## Problem
In your copy of the data, omit the pictures and keep all else exactly as given.

## Supplied data

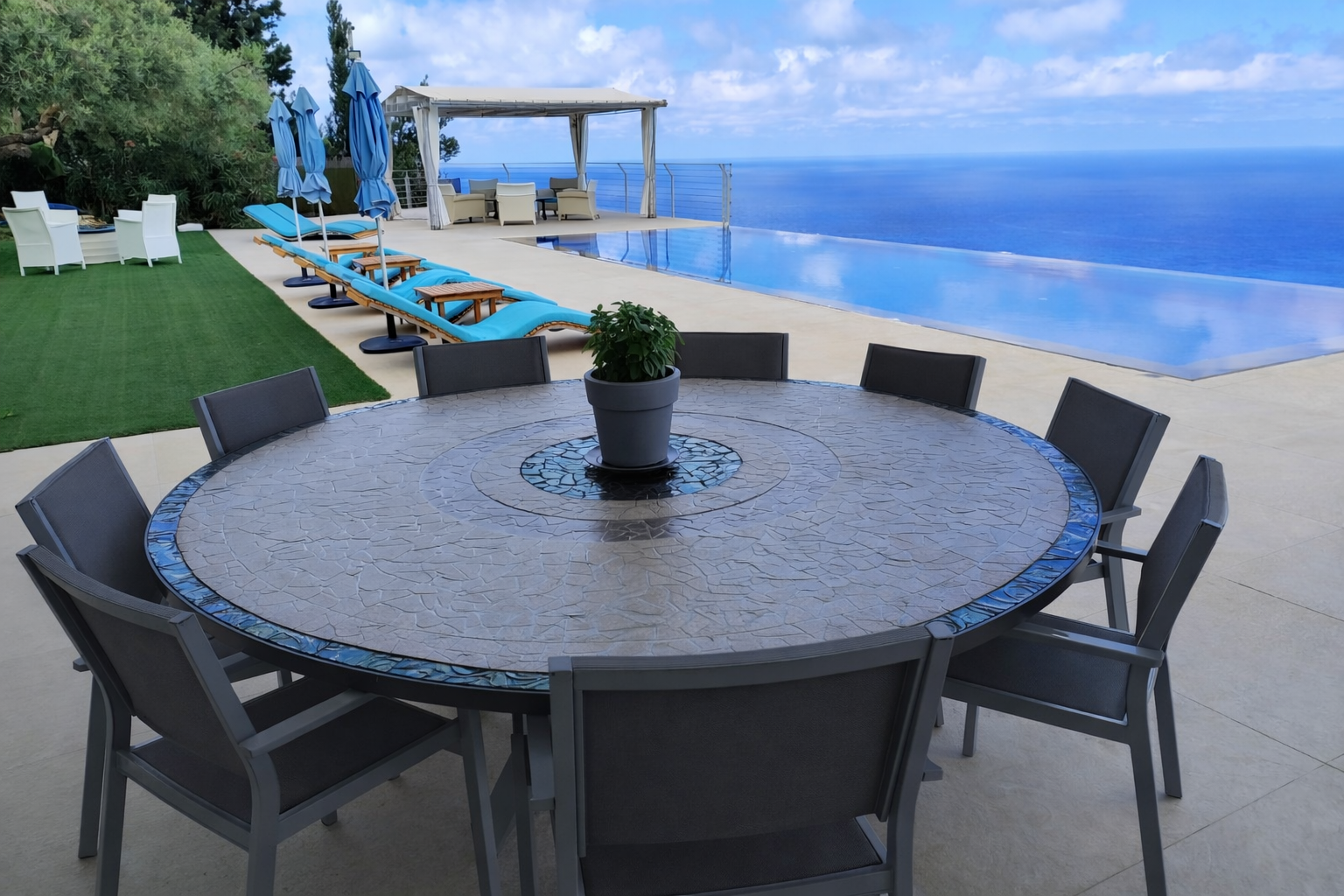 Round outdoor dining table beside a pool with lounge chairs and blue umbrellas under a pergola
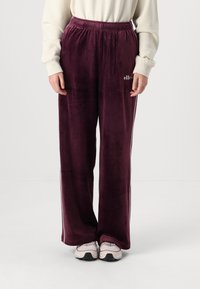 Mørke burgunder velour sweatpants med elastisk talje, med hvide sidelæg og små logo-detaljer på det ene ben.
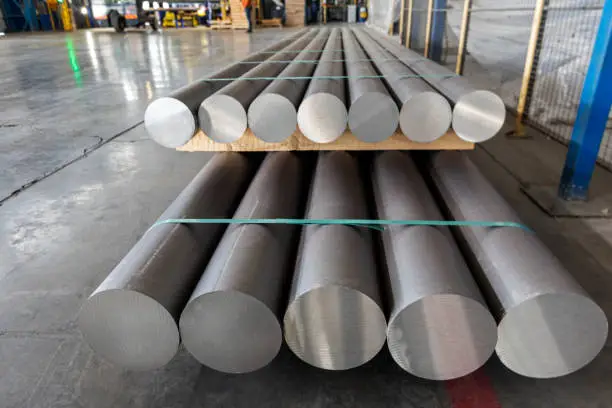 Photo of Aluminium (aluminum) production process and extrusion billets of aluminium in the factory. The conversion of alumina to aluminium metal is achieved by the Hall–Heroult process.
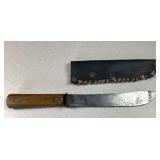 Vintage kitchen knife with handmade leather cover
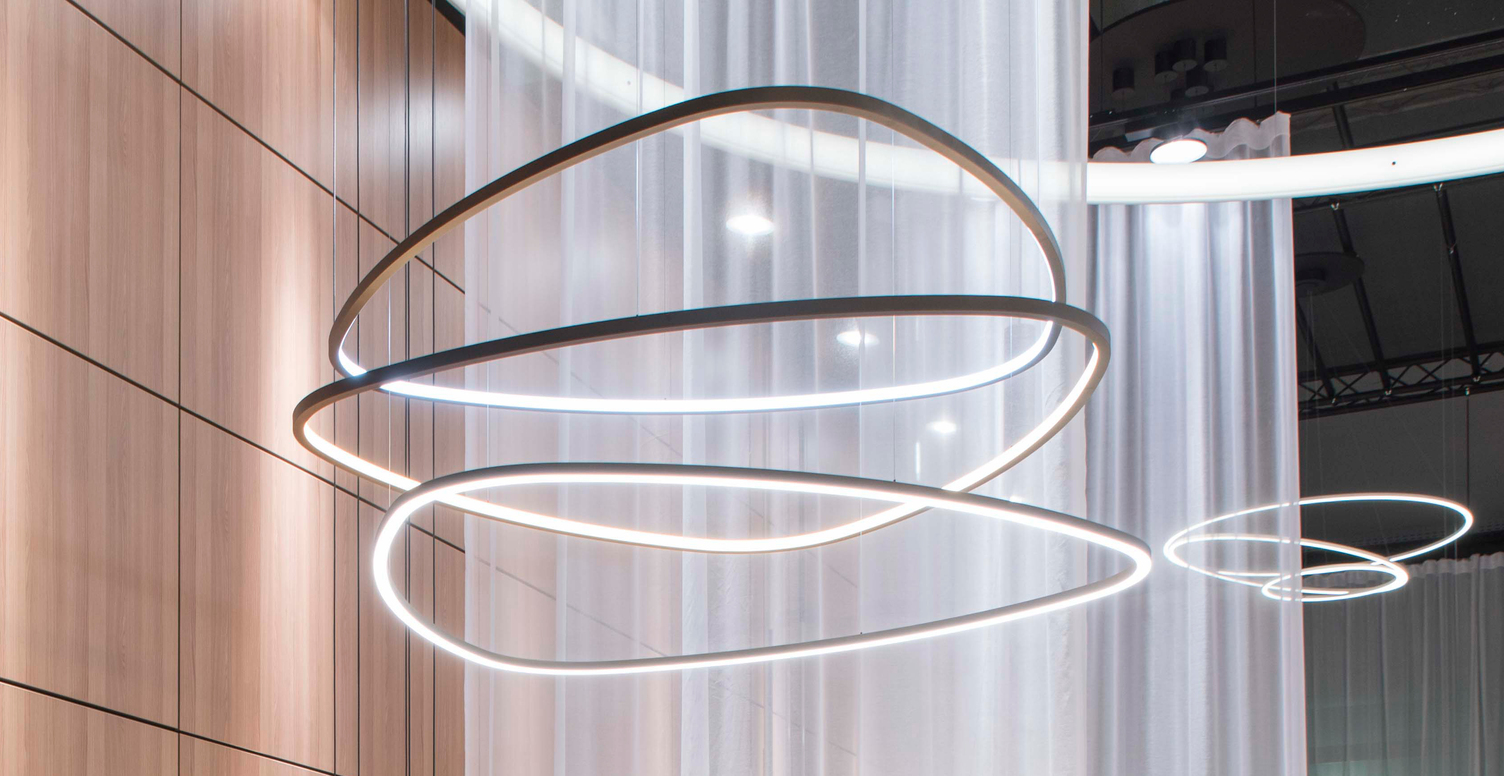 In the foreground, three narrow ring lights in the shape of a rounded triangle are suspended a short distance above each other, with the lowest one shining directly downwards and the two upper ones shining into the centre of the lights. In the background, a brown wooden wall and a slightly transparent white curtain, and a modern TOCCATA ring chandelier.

## Response to the exercise
 Round outdoor dining table beside a pool with lounge chairs and blue umbrellas under a pergola
 Mørke burgunder velour sweatpants med elastisk talje, med hvide sidelæg og små logo-detaljer på det ene ben.
 Photo of Aluminium (aluminum) production process and extrusion billets of aluminium in the factory. The conversion of alumina to aluminium metal is achieved by the Hall–Heroult process.
 Vintage kitchen knife with handmade leather cover
 In the foreground, three narrow ring lights in the shape of a rounded triangle are suspended a short distance above each other, with the lowest one shining directly downwards and the two upper ones shining into the centre of the lights. In the background, a brown wooden wall and a slightly transparent white curtain, and a modern TOCCATA ring chandelier.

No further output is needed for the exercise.